Scraped caption text data:
□ □ □ □ □

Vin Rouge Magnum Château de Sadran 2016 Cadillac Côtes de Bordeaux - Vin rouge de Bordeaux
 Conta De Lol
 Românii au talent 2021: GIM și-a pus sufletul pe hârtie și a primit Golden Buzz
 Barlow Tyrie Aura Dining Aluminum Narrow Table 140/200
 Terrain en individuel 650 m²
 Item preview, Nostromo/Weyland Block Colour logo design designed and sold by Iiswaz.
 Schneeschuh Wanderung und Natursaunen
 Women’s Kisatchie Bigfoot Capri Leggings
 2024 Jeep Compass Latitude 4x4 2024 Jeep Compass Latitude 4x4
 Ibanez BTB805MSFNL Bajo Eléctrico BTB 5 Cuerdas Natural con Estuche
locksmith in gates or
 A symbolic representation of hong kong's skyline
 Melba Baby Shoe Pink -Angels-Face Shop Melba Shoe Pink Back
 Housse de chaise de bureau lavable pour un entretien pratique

□ □ □ □ □

Repeat the line that contains "Schneeschuh Wanderung und Natursaunen", then every line after it until the records end, with nothing added.

> _Solution for this exercise_
 Schneeschuh Wanderung und Natursaunen
 Women’s Kisatchie Bigfoot Capri Leggings
 2024 Jeep Compass Latitude 4x4 2024 Jeep Compass Latitude 4x4
 Ibanez BTB805MSFNL Bajo Eléctrico BTB 5 Cuerdas Natural con Estuche
locksmith in gates or
 A symbolic representation of hong kong's skyline
 Melba Baby Shoe Pink -Angels-Face Shop Melba Shoe Pink Back
 Housse de chaise de bureau lavable pour un entretien pratique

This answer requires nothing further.